The entries that follow should come back exactly, with no pictures among them.

Start of Source data

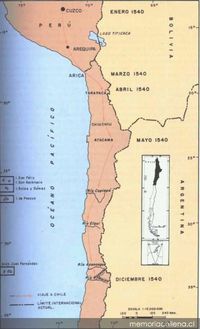 Mapa con la ruta de Pedro de Valdivia a Chile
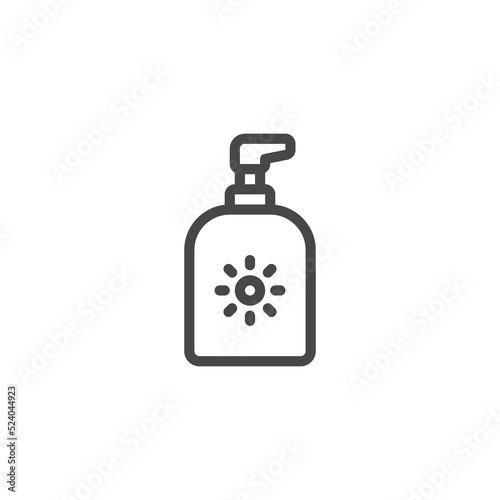 Simple sunscreen line icon. Stroke pictogram. Vector illustration isolated on a white background. Premium quality symbol. Vector sign for mobile app and web sites.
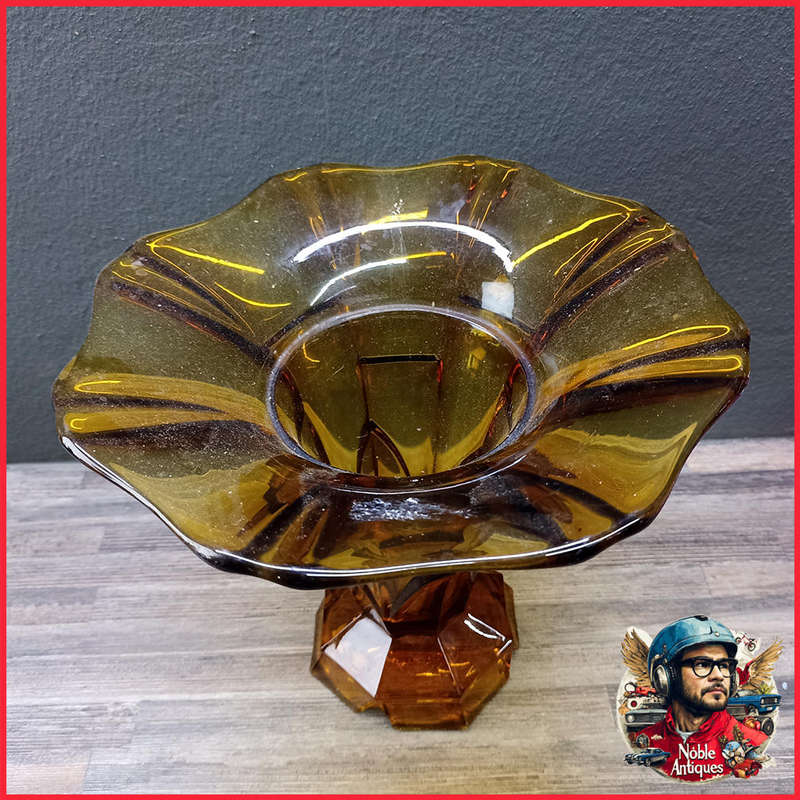 Vintage  1930s Art Deco amber glass vase  by Josef Inwald Denmark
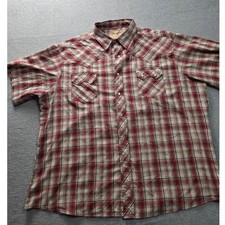 Wrangler Western Fashion Snap Shirt Mens XL Red Plaid Short Sleeve Pearl Snap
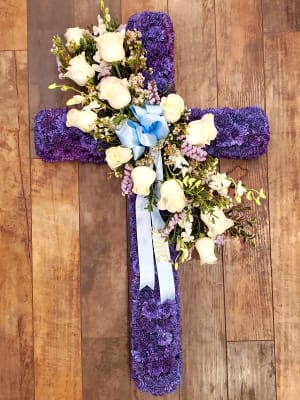 Blue White and Pinks Cross Flower Arrangement Blue White and Pinks Cross Flower Bouquet
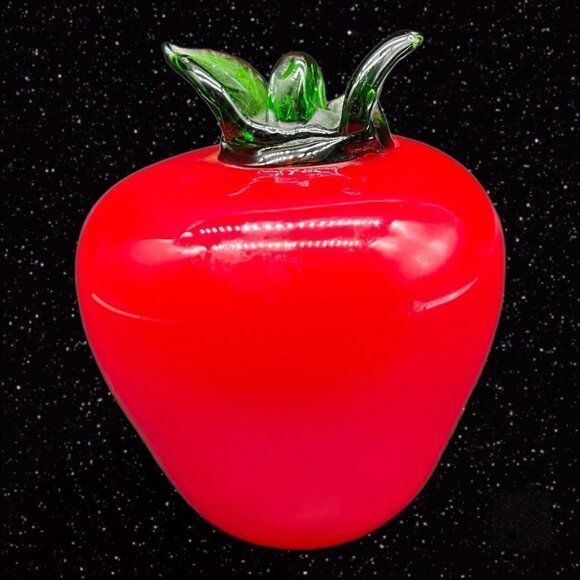 Art Glass Apple Red Green Paperweight Glass Figure Figurine Tomato 4”T 3”W - Picture 1 of 10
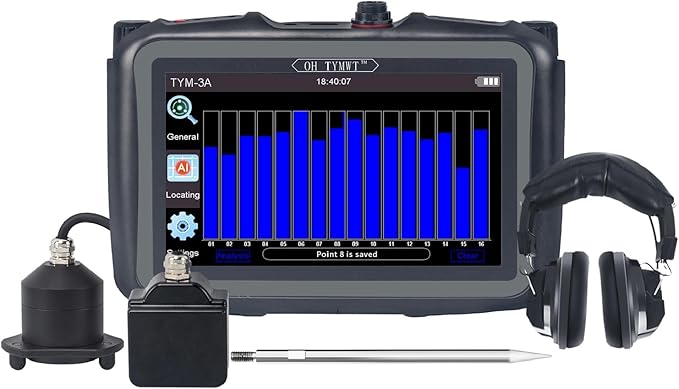 TYM-3A Water Leak Detector, Al-Assisted Under Slab Water Leak Detector, Multiple Sensor Options Water Leak Finder Underground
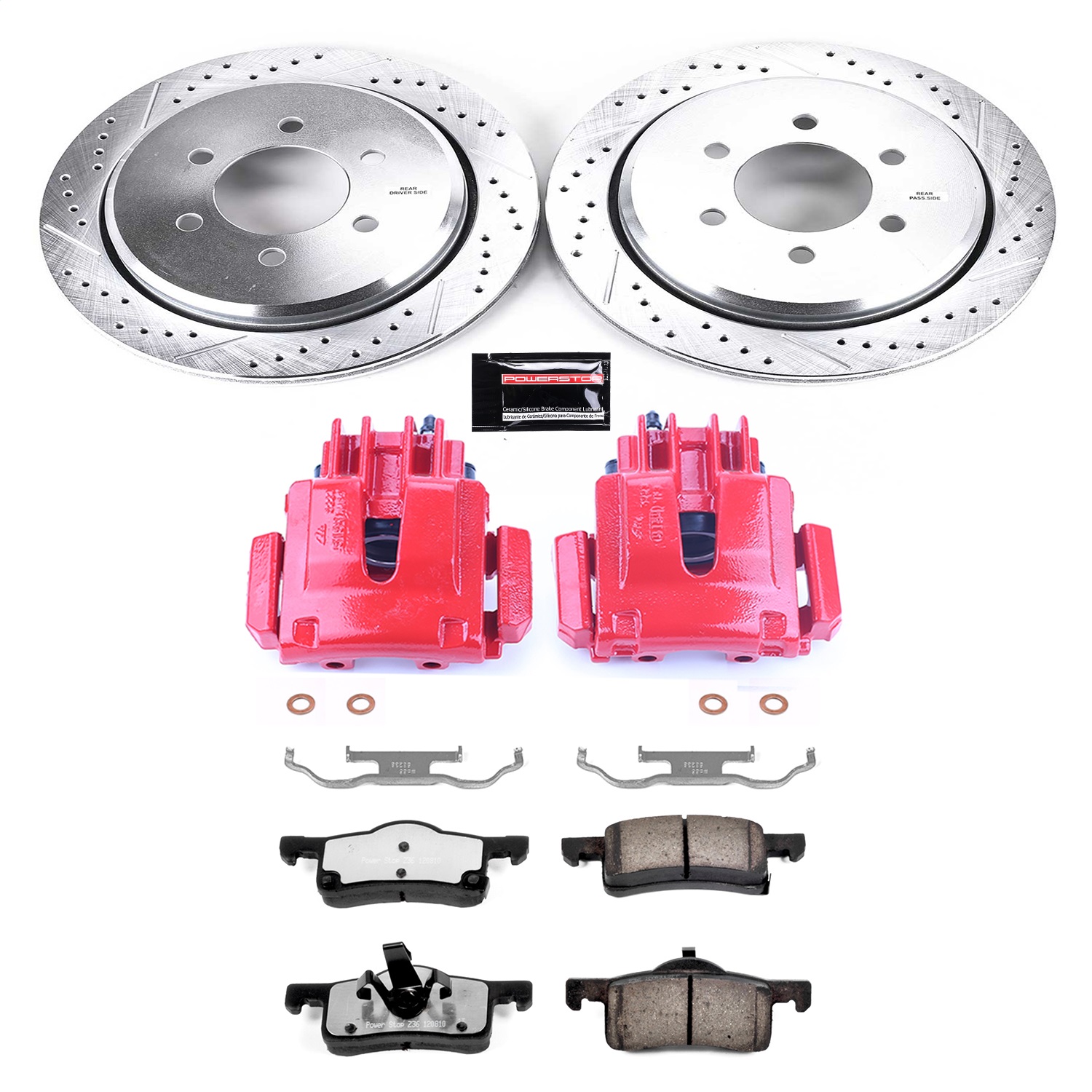 Power Stop - KC1935-36 - Rear - Disc Brake Pad/Caliper and Rotor Kit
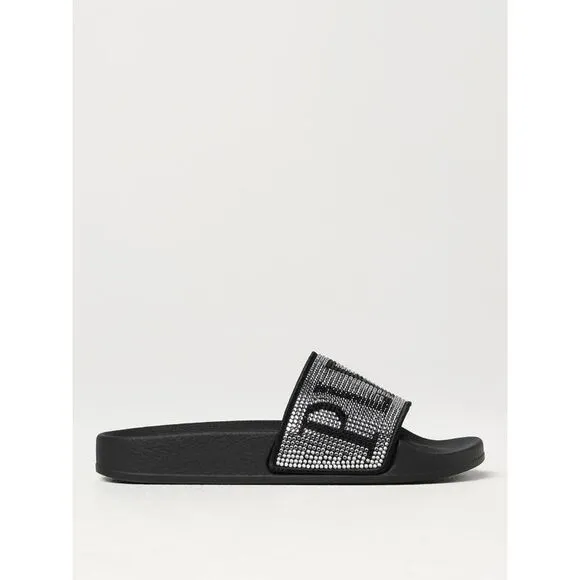 Philipp Plein Rhinestone Embellished Slides Kids Black Footwear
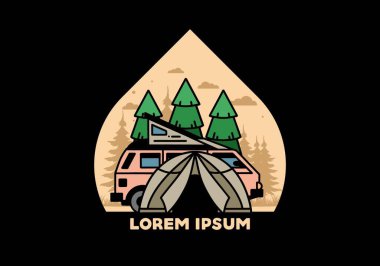 Illustration badge design of a camping with tent and car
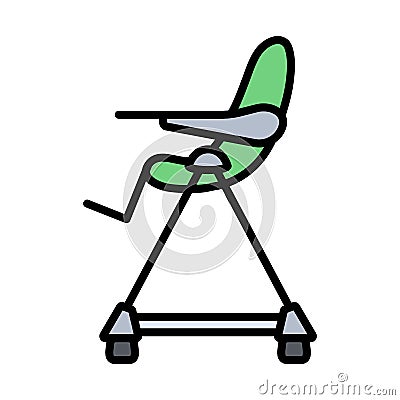 Baby High Chair Icon Vector Illustration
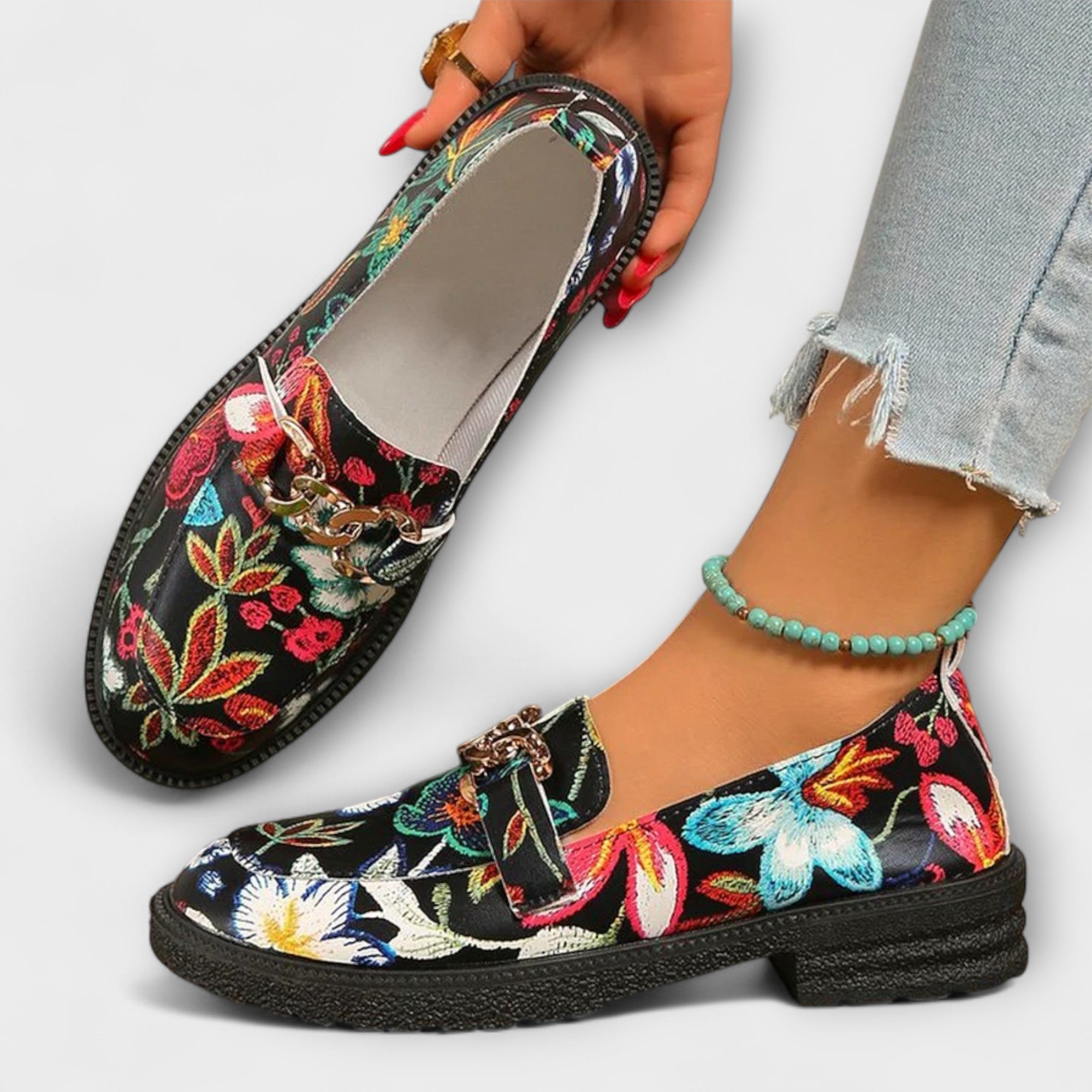 Savrani™ | Mocassini Multicolore con Motivo Floreale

End of Source data

### Answer for this exercise
 Mapa con la ruta de Pedro de Valdivia a Chile
 Simple sunscreen line icon. Stroke pictogram. Vector illustration isolated on a white background. Premium quality symbol. Vector sign for mobile app and web sites.
 Vintage  1930s Art Deco amber glass vase  by Josef Inwald Denmark
 Wrangler Western Fashion Snap Shirt Mens XL Red Plaid Short Sleeve Pearl Snap
 Blue White and Pinks Cross Flower Arrangement Blue White and Pinks Cross Flower Bouquet
 Art Glass Apple Red Green Paperweight Glass Figure Figurine Tomato 4”T 3”W - Picture 1 of 10
 TYM-3A Water Leak Detector, Al-Assisted Under Slab Water Leak Detector, Multiple Sensor Options Water Leak Finder Underground
 Power Stop - KC1935-36 - Rear - Disc Brake Pad/Caliper and Rotor Kit
 Philipp Plein Rhinestone Embellished Slides Kids Black Footwear
 Illustration badge design of a camping with tent and car
 Baby High Chair Icon Vector Illustration
 Savrani™ | Mocassini Multicolore con Motivo Floreale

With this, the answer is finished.